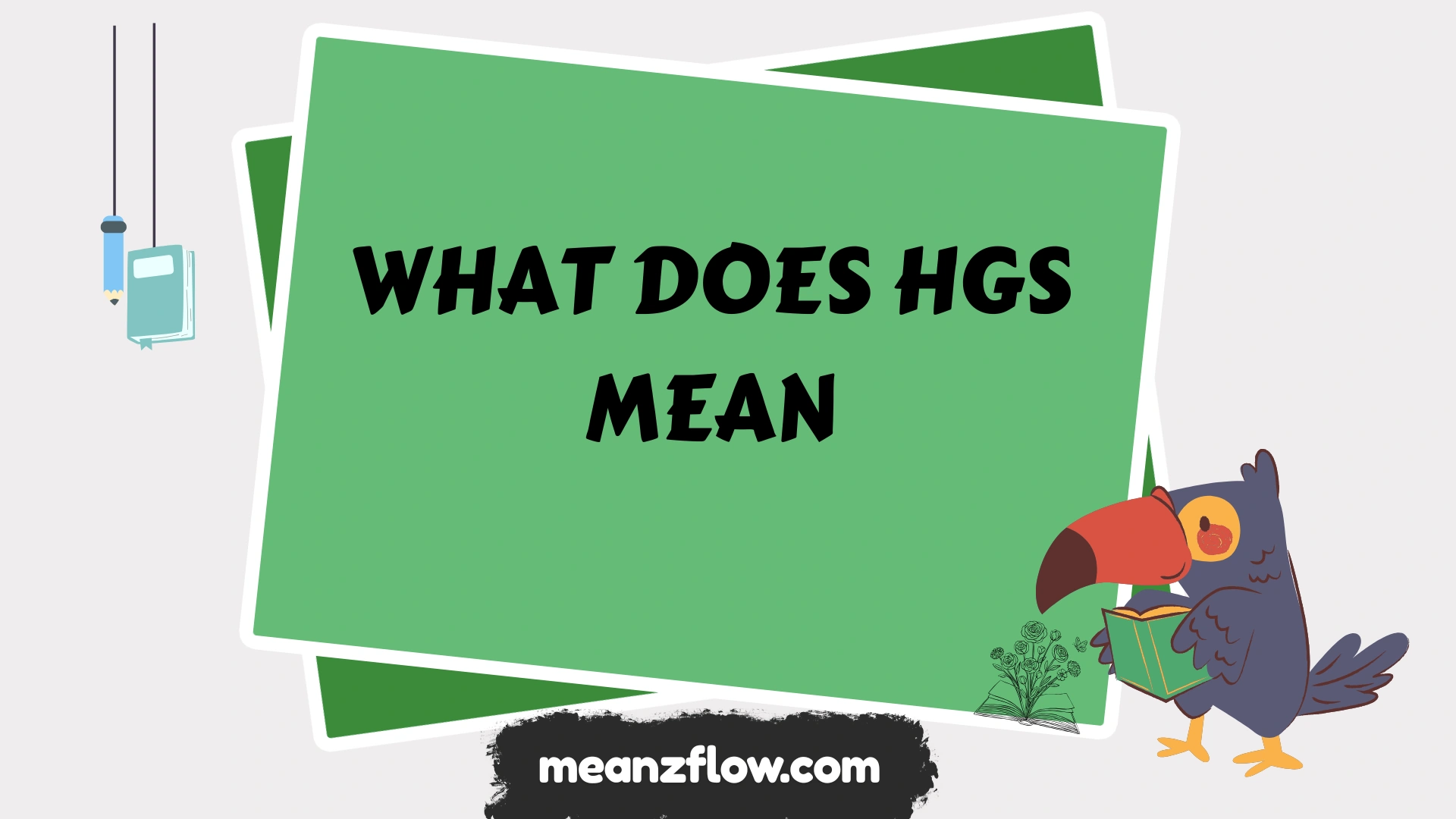 what does hgs mean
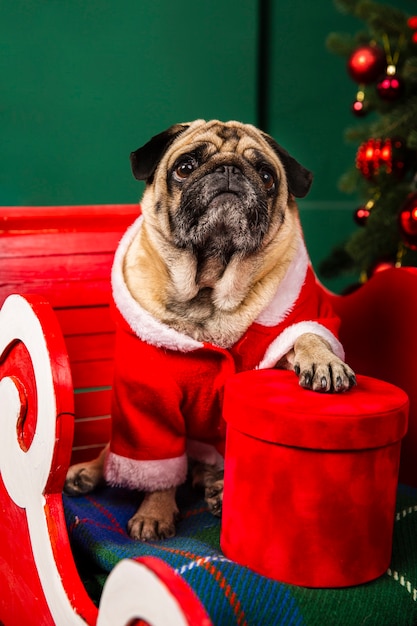 Kostenloses Foto hund verkleidet als weihnachtsmann im schlitten sitzen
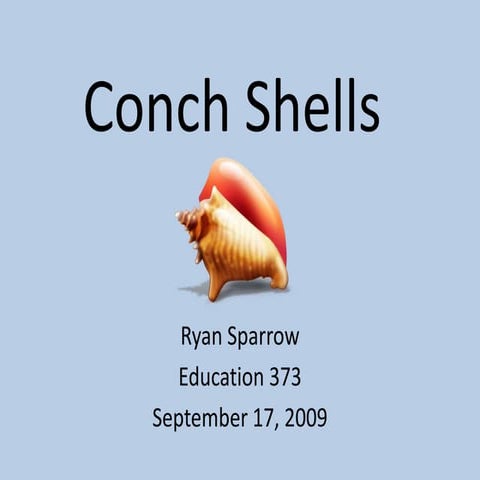 Conch Shells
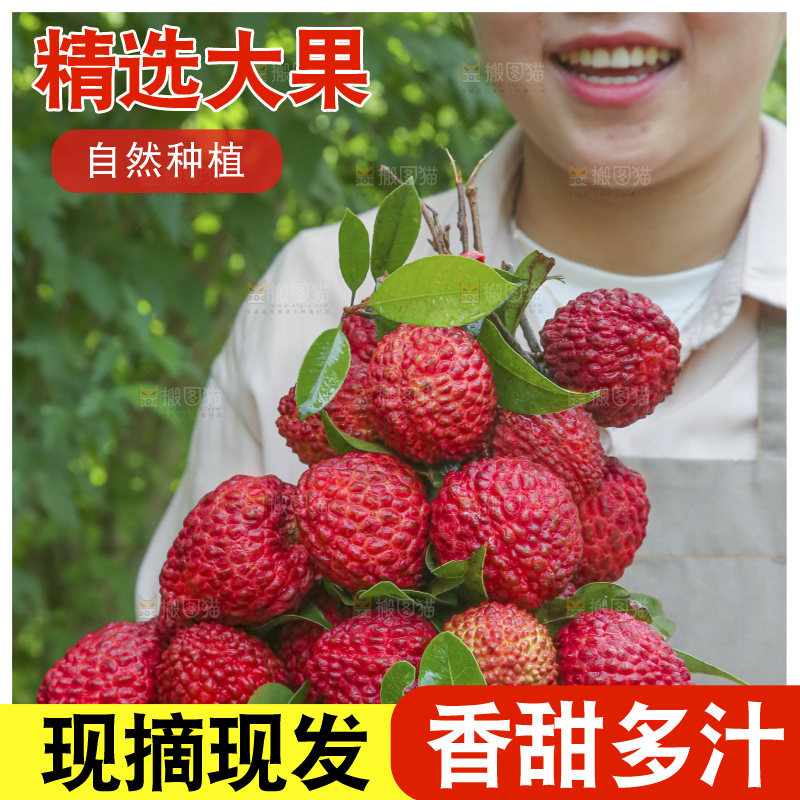手里拿着荔枝王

▶ **Assignment**
Your job is to reproduce the material exactly. Keep pictures out of it.

▶ **Answer box**
 what does hgs mean
 Kostenloses Foto hund verkleidet als weihnachtsmann im schlitten sitzen
 Conch Shells
手里拿着荔枝王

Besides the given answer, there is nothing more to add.